In [None]:
%load_ext autoreload
%autoreload 2

## Introduction

Notebook for scraping users from wallapop webpage

## Import libraries


In [None]:
import os
import requests
from bs4 import BeautifulSoup
import pandas as pd
import json
from tqdm import tqdm

## Initialize variables

In [None]:
OUTPUT_FOLDER = '../output_data/'
SAVED_DATA_PATH = f'{OUTPUT_FOLDER}items_list_Cuenca-Cuenca-Castilla-La+Mancha-16002-26_12.csv'

user_city = 'Cuenca'
user_province = 'Cuenca'  # Province to scrape
country_code = 'ES'  # Country code
user_postal_code = '16002'  # Postal code
distance = 10000  # In meters
start_idx = 0  # Start index
user_region = 'Castilla-La+Mancha'  # Region to scrape
lat = 40.07127
long = -2.13634

## Get full item list for the region selected

In [None]:
from wallapop_scraper.scraper import get_items_per_region

In [None]:
if SAVED_DATA_PATH:
    total_df = pd.read_csv(SAVED_DATA_PATH)
else:
    total_df = get_items_per_region(
        user_city, user_province, user_region, user_postal_code,
        lat, long, sleep=0.5, max_items=50000,
    )

print('Number of items:', len(total_df))

display(total_df.head(3))
display(total_df.tail(3))

In [None]:
print(f'Total of items on sale in {user_city}: {len(total_df)}')

unique_users = total_df.user_id.unique().tolist()
print(f'Total of unique seller users in {user_city}: {len(unique_users)}')
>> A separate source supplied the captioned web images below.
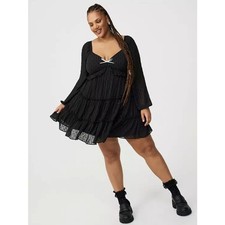 NWT Torrid Black Chiffon Babydoll Mini Dress 4X 26 Witchy Coquette Fall Fairy 4X picture
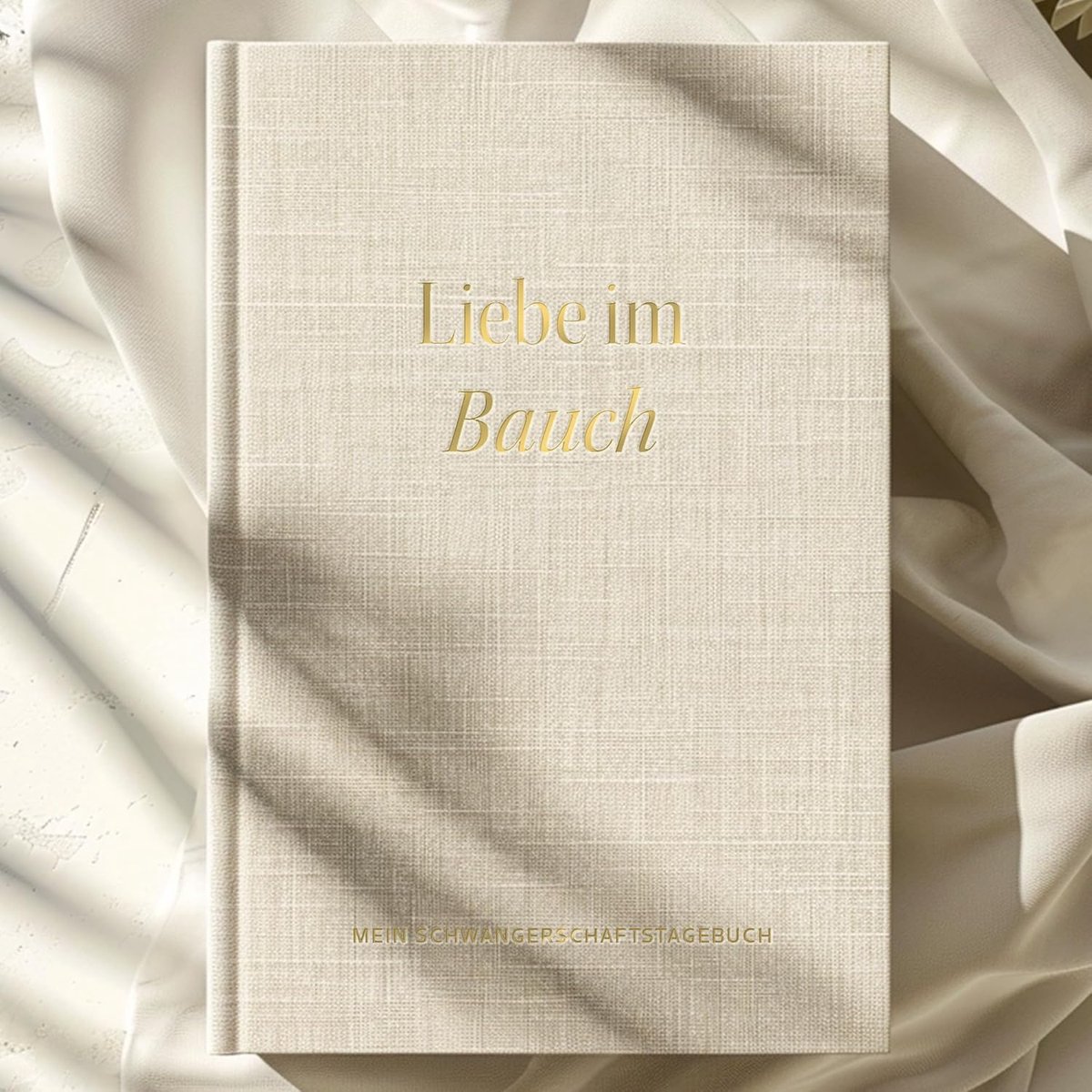 Thijox - MeinBaby123 Zwangerschapsdagboek van Linnen - Uniek en Persoonlijk Zwangerschapsnotitieboek - Luxe Kwaliteit - Perfect Cadeau voor Aanstaande
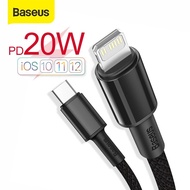 Baseus USB C Cable for 13 12 11 Pro Max XR 8 PD 20W Fast Charging Charger Cable Type C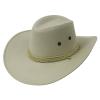 Aislor Classic Outback Cowboy Western Wool HatWide Brim Outdoor Fedora Hat with Belt Buckle Beige One Size view 1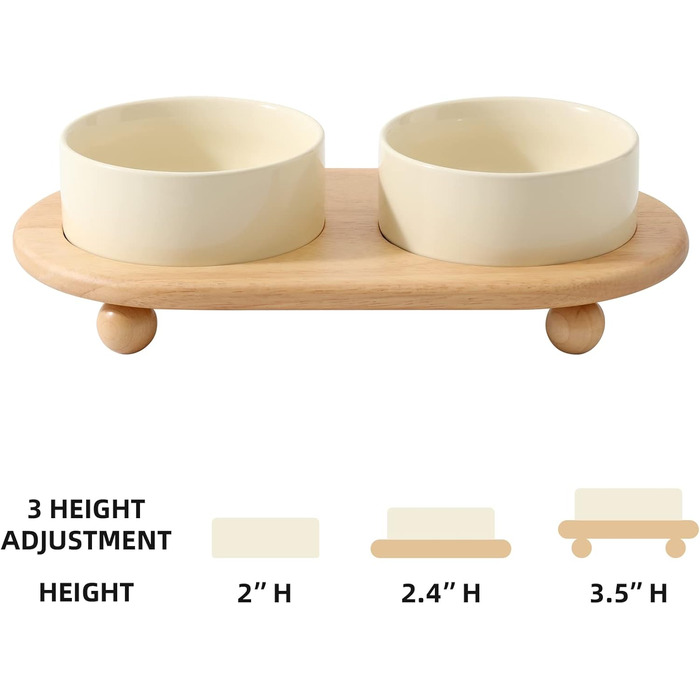 Котівники Havniva з кераміки, 2 шт., зоряне небо, годівниця та миска для води (13 см) (2 миски + підставка – бежевий)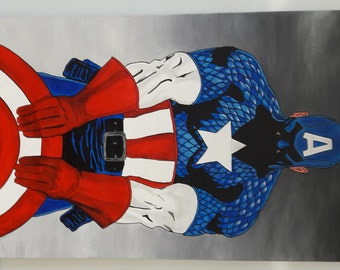 Marvel Comic Superhero Captain America original acrylic painting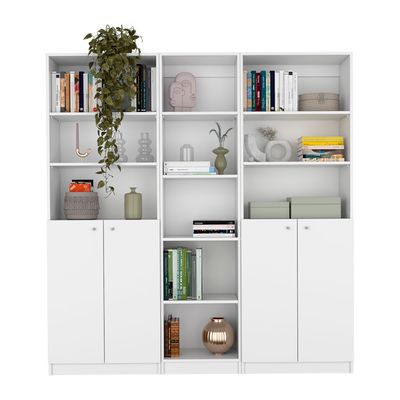 Levan 3 Piece Living Room Set with 3 Bookcases, White Levan 3 Piece Living Room Set with 3 Bookcases, White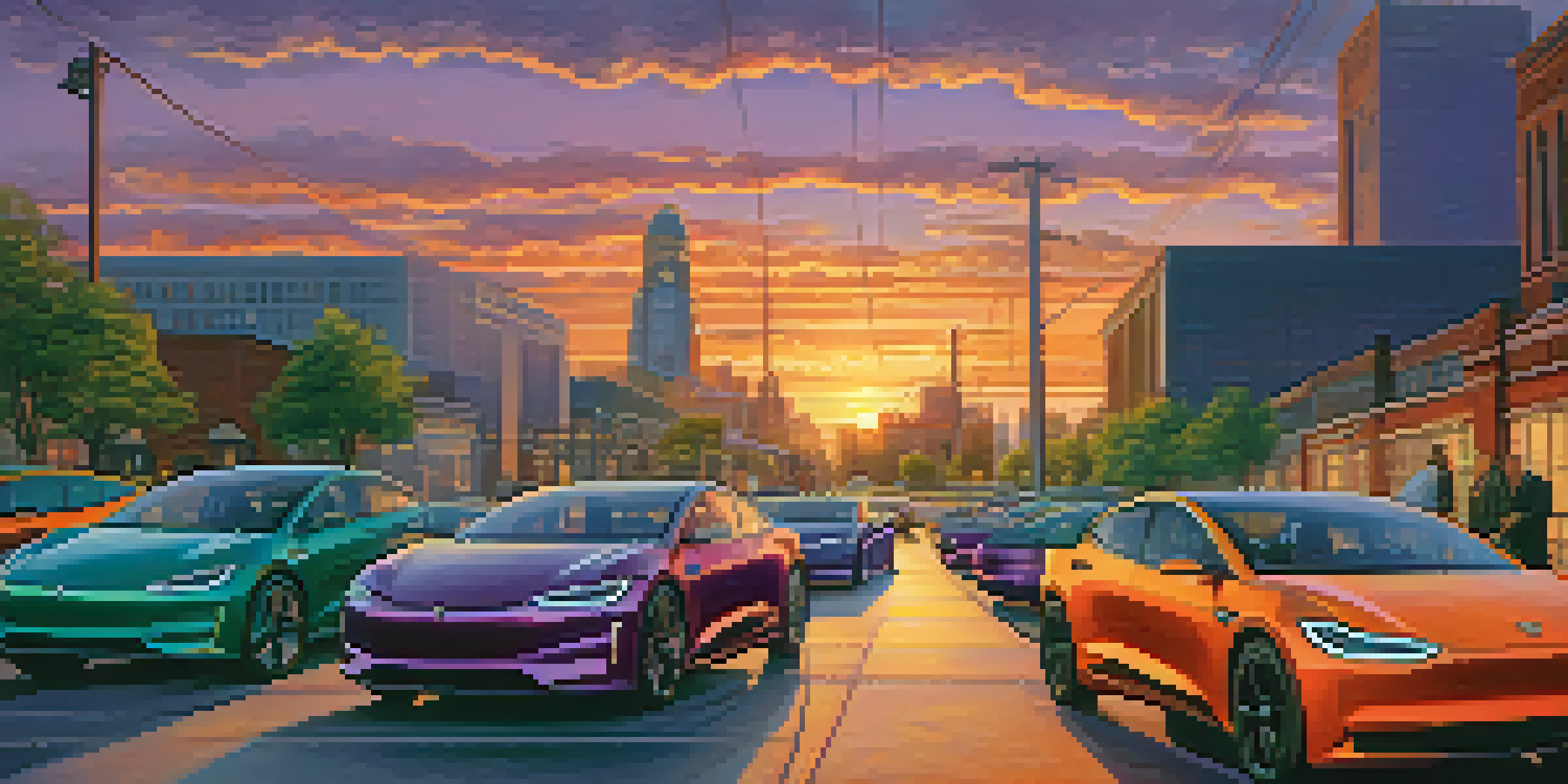 A scenic view of Detroit with engineers working on an electric vehicle prototype against a colorful sunset backdrop.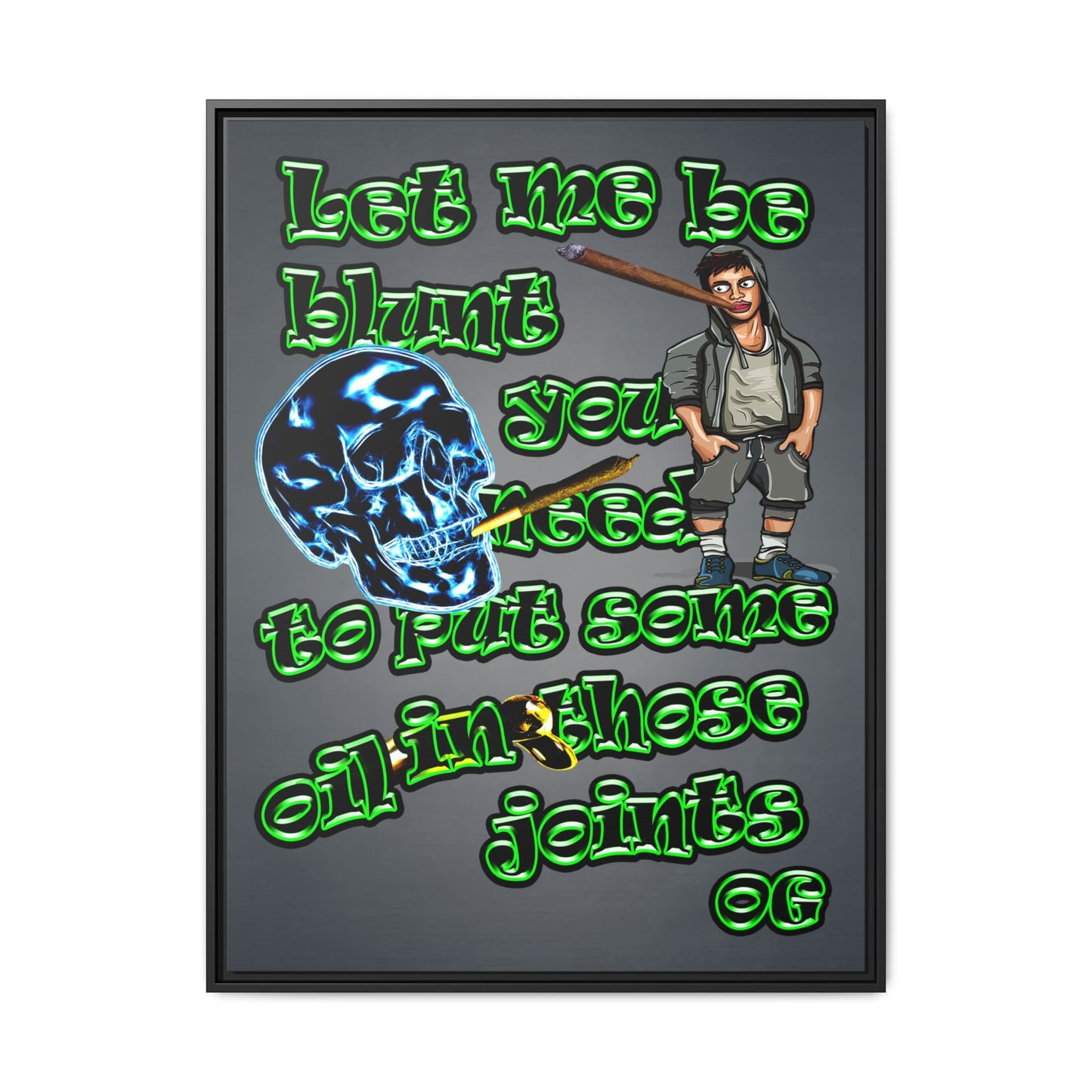 og - framed canvas art (grey-light grey)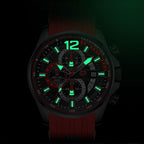 Waterproof motorsport watch for men with luminous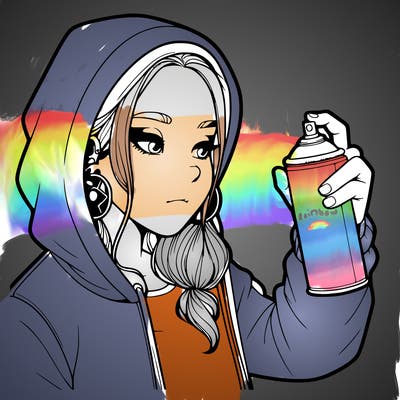 a realistic girl, spray painting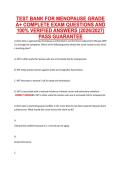 TEST BANK FOR MENOPAUSE GRADE &NewLine;A&plus; COMPLETE EXAM QUESTIONS AND &NewLine;100&percnt; VERIFIED ANSWERS &lpar;2026&sol;2027&rpar; &NewLine;PASS GUARANTEE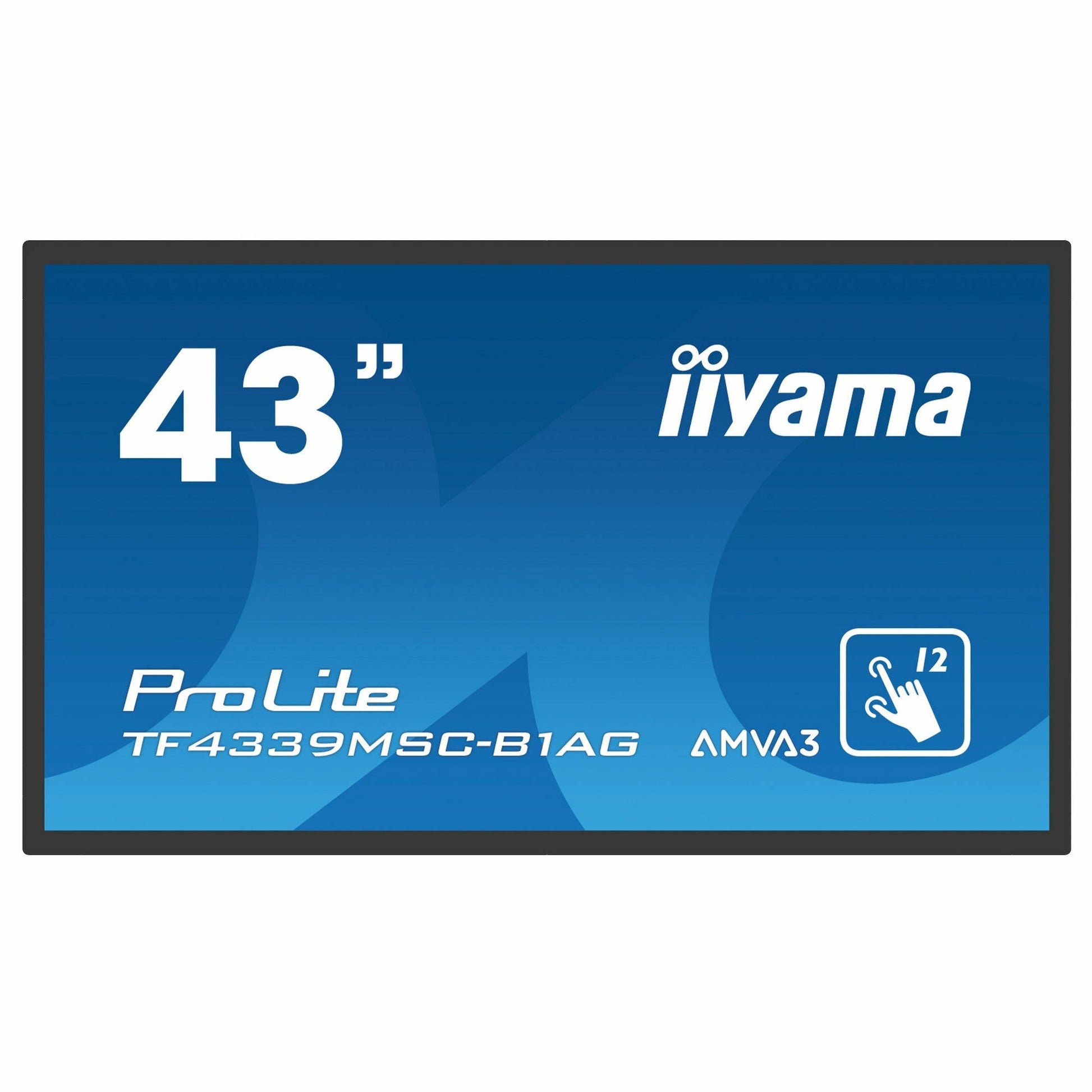 Dark Cyan iiyama ProLite TF4339MSC-B1AG 43" Open Frame IPS 12pt PCAP IPS 4K Through Glass Touch Screen with Anti Glare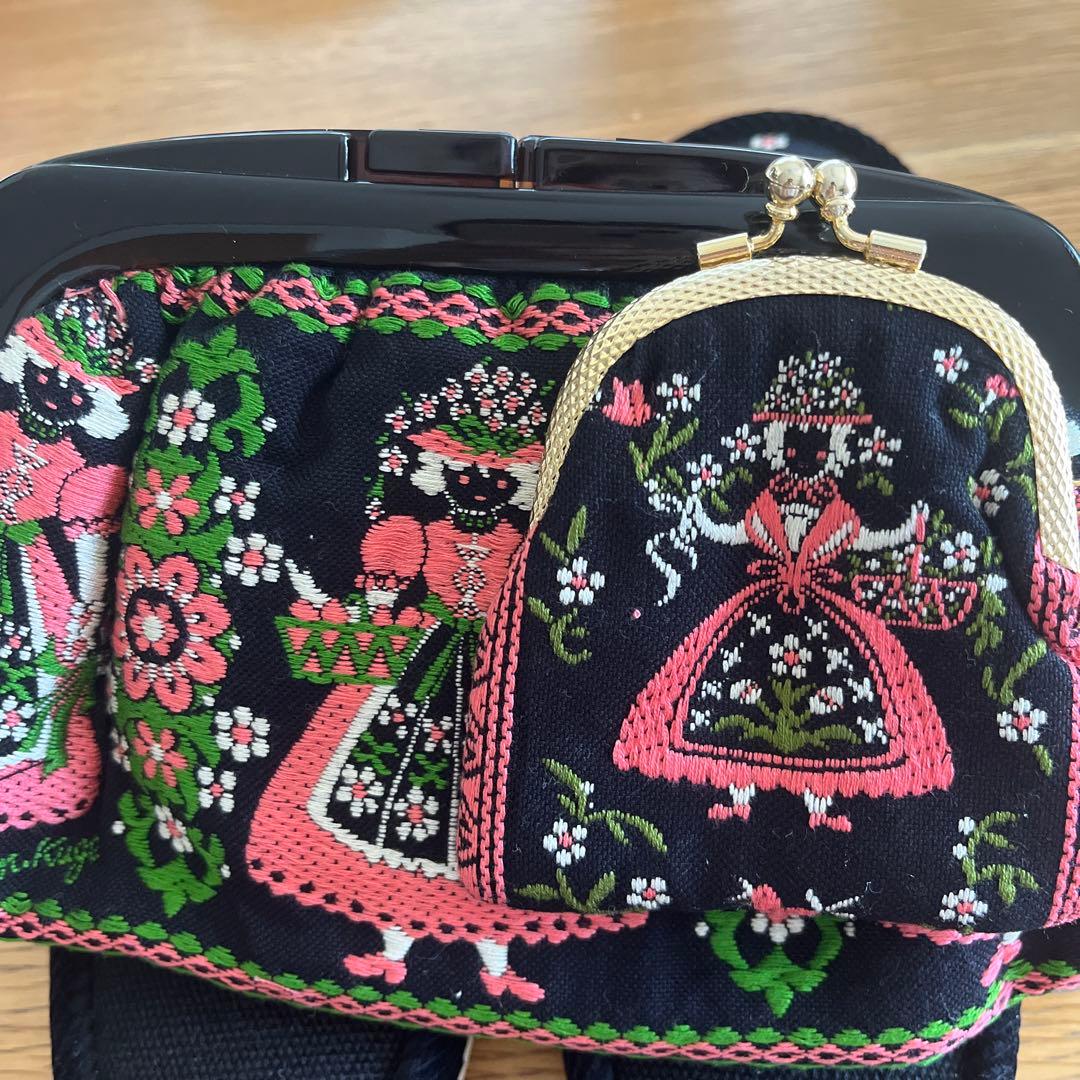 久家美智子　刺繍　スリッパ　スクラッチバック　がま口小物入れ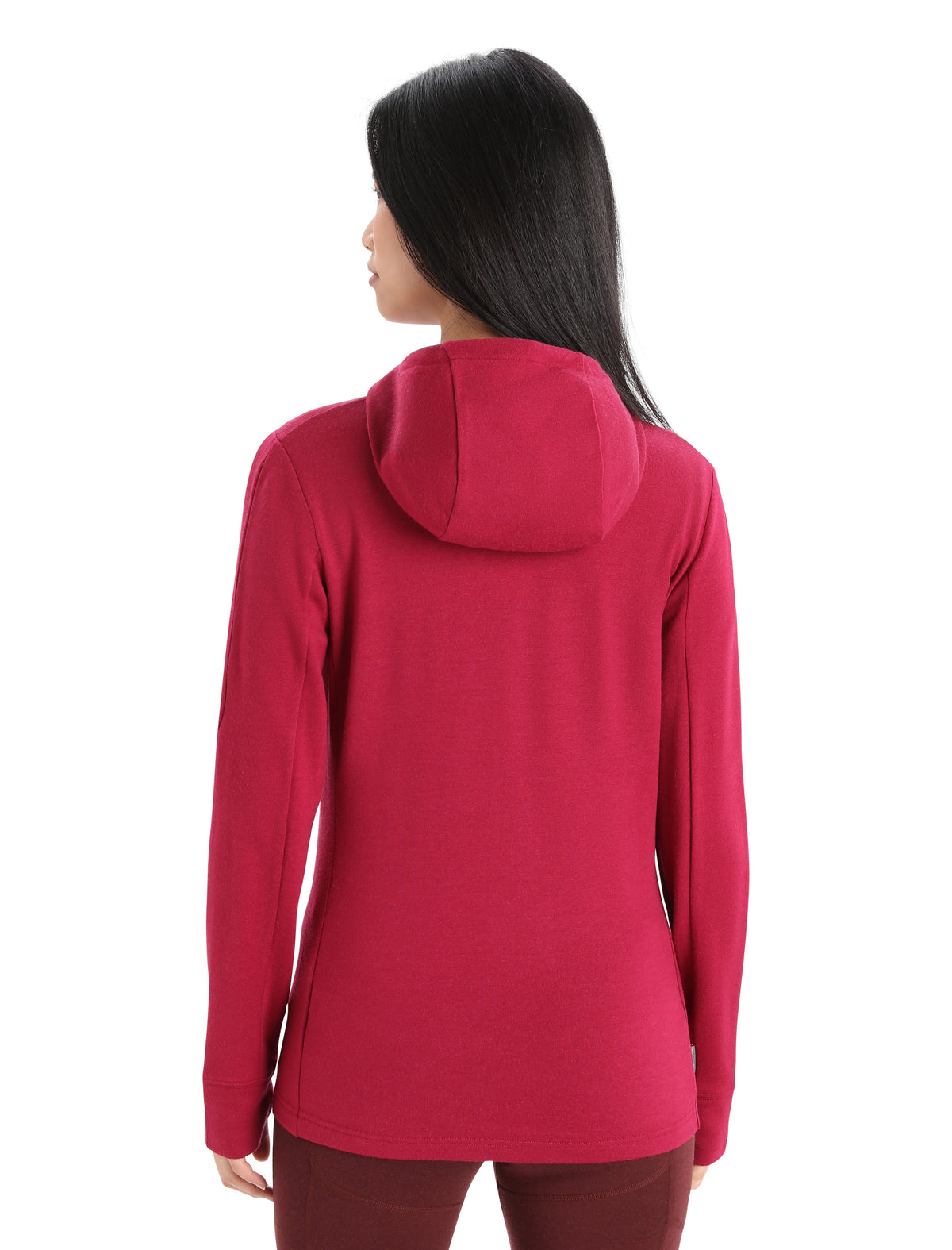 Women's Merino Quantum III Long Sleeve Zip Hoodie Cherry/espresso - 2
### Add sold items of the existing users

In [None]:
from wallapop_scraper.scraper import get_user_sold_items

for user_id in tqdm(unique_users):
    user_sold_items = get_user_sold_items(user_id)
    
    for sold_item in user_sold_items:
        total_df = total_df.append(sold_item, ignore_index=True)
        
# Remove duplicates
total_df = total_df.drop_duplicates()
print(f'Total of active and historical catched items in {user_city} after removing duplicates: {len(total_df)}')

### Add user information

In [None]:
from wallapop_scraper.scraper import get_user_info

# Get user information
total_df['user_alias'] = None
total_df['user_gender'] = None
total_df['register_date'] = None
total_df['user_postal_code'] = None
total_df['user_city'] = None
total_df['user_url'] = None

for user_id in tqdm(unique_users):
    # Get user info
    user_info = get_user_info(user_id)
    
    if user_info is not None:
        # Add info to dataframe
        try:
            total_df.loc[total_df.user_id == user_id, 'user_alias'] = user_info['user_alias']
            total_df.loc[total_df.user_id == user_id, 'user_gender'] = user_info['user_gender']
            total_df.loc[total_df.user_id == user_id, 'register_date'] = user_info['register_date']
            total_df.loc[total_df.user_id == user_id, 'user_postal_code'] = user_info['user_postal_code']
            total_df.loc[total_df.user_id == user_id, 'user_city'] = user_info['user_city']
            total_df.loc[total_df.user_id == user_id, 'user_url'] = user_info['user_url']
            
        except Exception as e:
            print(e)
            print(user_info)
            break
    

In [None]:
# Save dataframe to csv
dest_name = f'items_list_{user_city}-{user_province}-{user_region}-{user_postal_code}-26_12.csv'

try:
    total_df.to_csv(os.path.join(OUTPUT_FOLDER, dest_name), index=False)
    print('File saved successfully')
except Exception as e:
    print(e)

## Inspect collected info

In [None]:
# Print max and min distance of the items of your list
print('Item with max distance from your target location: ', total_df.distance.max())
print('Item with min distance from your target location: ', total_df.distance.min())

In [None]:
# Find users with substring in their alias

target_user_names_list = ['jose']

# Get the dataframe with none null values in user_alias column
existing_user_df = total_df[total_df.user_alias.notnull()].copy()
print(f'Number of items with user_alias: {len(existing_user_df)}')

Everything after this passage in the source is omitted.